Women having agency is relatively new; and it took a long time to get here. It wasn’t so long ago that an abused wife had no option but to stay with her husband because only he could provide her with food and clothing and shelter – which was totally worth the steep price tag of an occasional beating when he lost his temper. This was a problem women in all classes had to suffer – the wife of a wealthy judge, for example, made life miserable for her husband when he decided to move in his mistress, but his agency permitted him another option – build his mistress an even nicer house next door just to spite his wife back in the days when women really couldn’t divorce their husbands because they lacked not only agency, but they lived in a world where women had structured lives where steep consequences would await those who dared defy tradition.
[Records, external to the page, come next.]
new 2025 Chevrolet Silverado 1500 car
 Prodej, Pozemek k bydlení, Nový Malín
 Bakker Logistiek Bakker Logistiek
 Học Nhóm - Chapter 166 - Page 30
Yet Christianity looks to this ancient world as the ideal pattern; where men had agency and women did not. Young men are taught that they are the agents who operate on behalf of their future families. Young women are taught that they have little agency and must obey authority figures in their life; it doesn’t matter whether or not the authority figures are good or bad because this obedience demanded of them is not conditional and there are no exceptions. Either you’re obedient or you aren’t. If you’re disobedient, you’re in rebellion and you’re not saved. It’s a test of faith that way. Obviously, this poses a problem for any young woman who might have another opinion or want to say “no” to whatever she’s been asked to do. Christians can only hope they’ve taught their young men correctly to not take advantage of this imbalance, but human nature being what it is – odds are some of them have misused their power and made young women miserable because of it.
Sometimes it takes a strong young woman to say no when all her life she’s been told that she can’t – like Esther going before the king unsummoned knowing that she risks death for her intrusion – especially when young women are threatened with eternal damnation for daring to question and defy authority figures who abuse their power. Like Zipporah’s quick-thinking that spared her husband’s life from the Angel of Death – sometimes women have to do things that the men in their life might not be thrilled about at the time or agree with as being necessary. Like Abigail who knew Nabal’s foolishness wouldn’t end well, she had to go around his wishes – women who are biblical sometimes disobey what the Bible would have them do at face value because the spirit frees them to follow God in their own way.